Now I want to LEFT OUTER JOIN these two tables and only output the already indexed ID field.
SELECT ZZ_BASE.ID
FROM ZZ_BASE
LEFT OUTER JOIN ZZ_CHILD ON (ZZ_BASE.ID = ZZ_CHILD.ID);
----------------------------------------------------------------------------------------
| Id | Operation | Name | Rows | Bytes |TempSpc| Cost (%CPU)| Time |
----------------------------------------------------------------------------------------
| 0 | SELECT STATEMENT | | 1000K| 9765K| | 4894 (2)| 00:00:30 |
|* 1 | HASH JOIN OUTER | | 1000K| 9765K| 16M| 4894 (2)| 00:00:30 |
| 2 | INDEX FAST FULL SCAN| ZZ_B_I | 1000K| 4882K| | 948 (3)| 00:00:06 |
| 3 | INDEX FAST FULL SCAN| ZZ_C_I | 1000K| 4882K| | 948 (3)| 00:00:06 |
----------------------------------------------------------------------------------------
As you can see no table access is necessary, only index access. But according to common sense, HASH-joining is not the most optimal way to join these two indexes.
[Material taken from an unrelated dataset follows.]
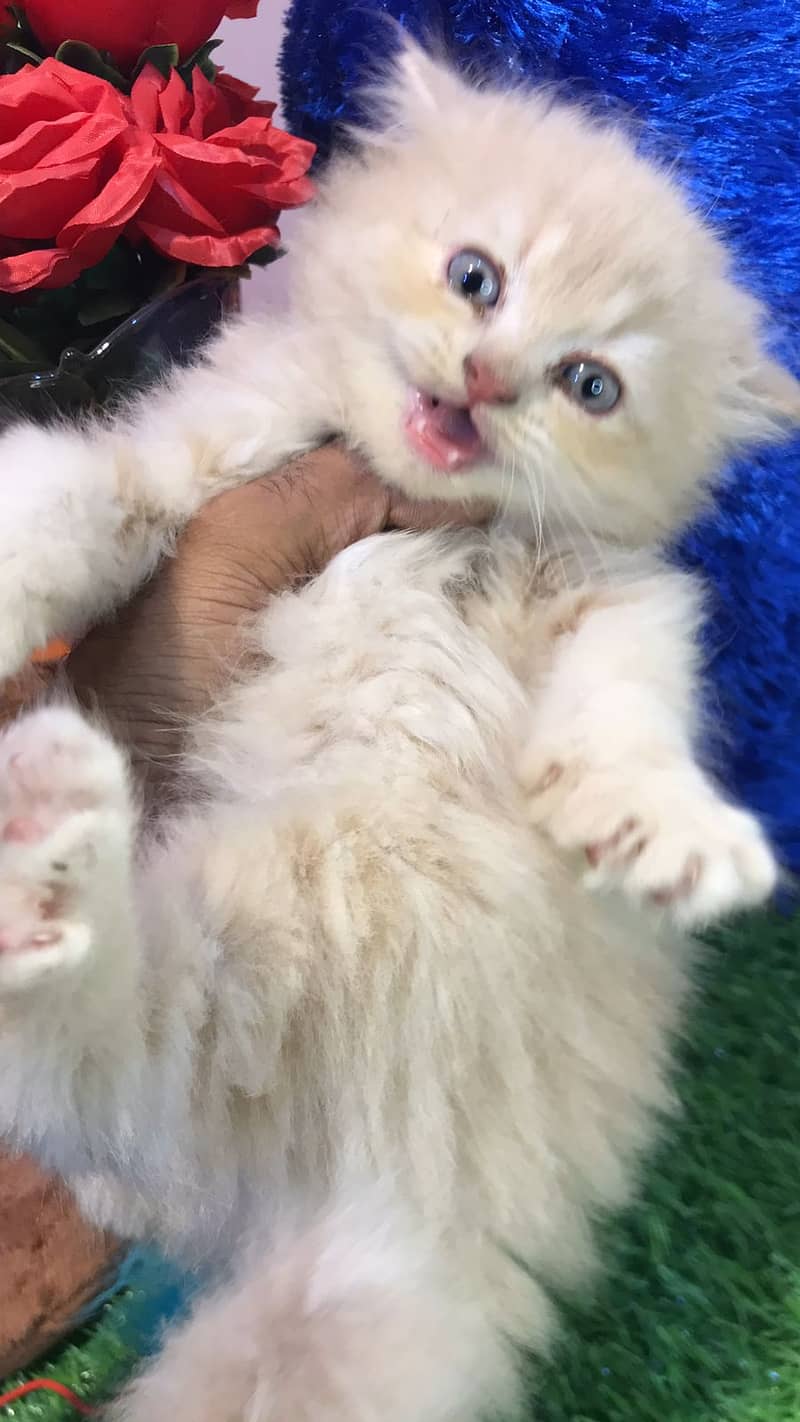 pure persian punch face triple coated persian kittens for sale(CO) 13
If these two tables where much larger, a very large hash table would have to be made.
A much more efficient way would be to SORT-MERGE the two indexes.
SELECT /*+ USE_MERGE(ZZ_BASE ZZ_CHILD) */ ZZ_BASE.ID
FROM ZZ_BASE
LEFT OUTER JOIN ZZ_CHILD ON (ZZ_BASE.ID = ZZ_CHILD.ID);
-----------------------------------------------------------------------------------------
| Id | Operation | Name | Rows | Bytes |TempSpc| Cost (%CPU)| Time |
-----------------------------------------------------------------------------------------
| 0 | SELECT STATEMENT | | 1000K| 9765K| | 6931 (3)| 00:00:42 |
| 1 | MERGE JOIN OUTER | | 1000K| 9765K| | 6931 (3)| 00:00:42 |
| 2 | INDEX FULL SCAN | ZZ_B_I | 1000K| 4882K| | 2258 (2)| 00:00:14 |
|* 3 | SORT JOIN | | 1000K| 4882K| 22M| 4673 (4)| 00:00:29 |
| 4 | INDEX FAST FULL SCAN| ZZ_C_I | 1000K| 4882K| | 948 (3)| 00:00:06 |
-----------------------------------------------------------------------------------------
But it appears that the second index gets sorted, even if it already is ("If an index exists, then the database can avoid sorting the first data set. However, the database always sorts the second data set, regardless of indexes"1)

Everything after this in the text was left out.